Savioli, G., Ceresa, I. F., Gori, G., Fumoso, F., Gri, N., Floris, V., Varesi, A., Martuscelli, E., Marchisio, S., Longhitano, Y.,     Ricevuti, G., Esposito, C., Caironi, G., Giardini, G., & Zanza, C. (2022). Pathophysiology and Therapy of High-               Altitude Sickness: Practical Approach in Emergency and Critical Care. Journal of Clinical Medicine 2022, Vol. 11,        Page 3937, 11(14), 3937. https://doi.org/10.3390/JCM11143937


Taylor, A. T. (2011). High-Altitude Illnesses: Physiology, Risk Factors, Prevention, and Treatment. Rambam            

    Maimonides Medical Journal, 2(1), e0022. https://doi.org/10.5041/RMMJ.10022

1 comment:

  1. At what point is oxygen therapy actually helpful as opposed to placebo?

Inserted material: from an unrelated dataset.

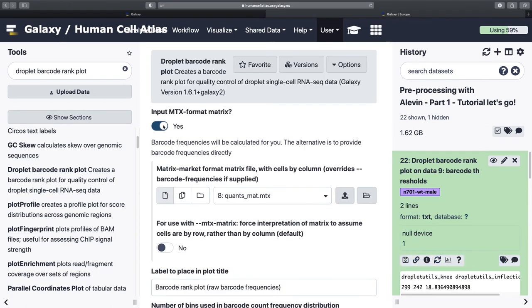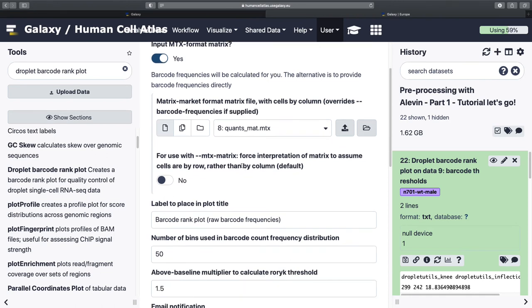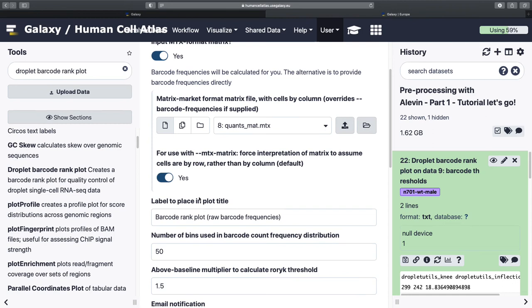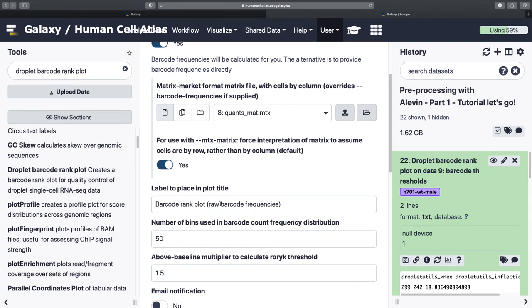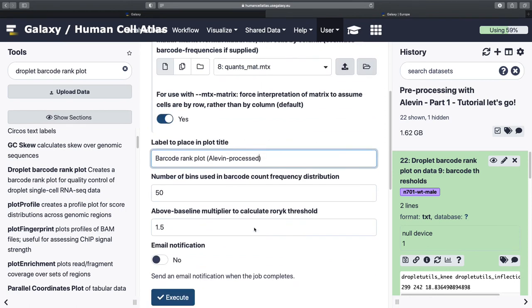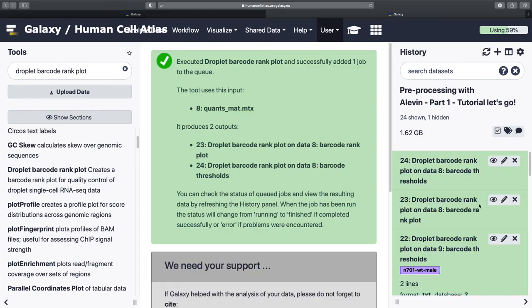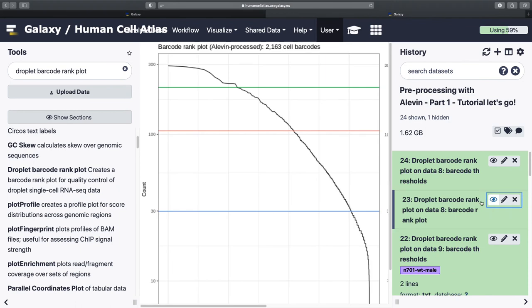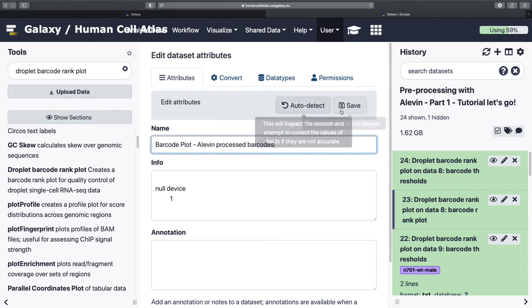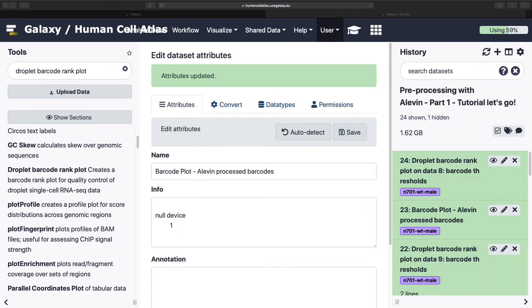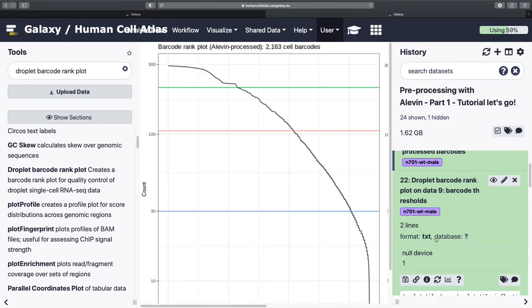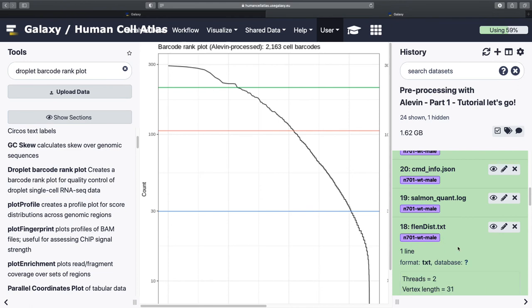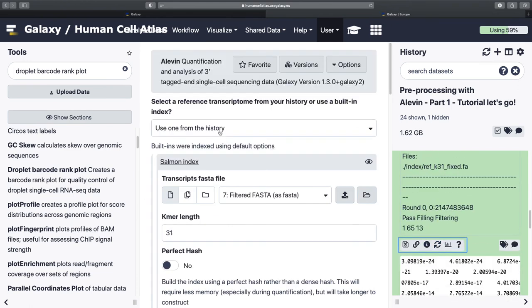But this time we are going to input in matrix market format. Quants mate dot matrix. Because we're looking at Alevin processing. And we can look at what Alevin did. Rename. And onwards and upwards. We're going to run Alevin again. I'm going to cheat and rather than look for the tool, I'm just going to rerun it.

I often hear that most of the oxygen containers you can buy at the airport are generally unnecessary and aren't actually that helpful, but you mention that in some cases oxygen therapy may help. I understand that oxygen therapy and the oxygen containers at the airport are not the same thing, however I imagine it is a similar concept in that a person is receiving more oxygen than is otherwise available. Is that only the case in more severe cases of altitude sickness or hypoxia, or could oxygen therapy be useful for less severe cases as well?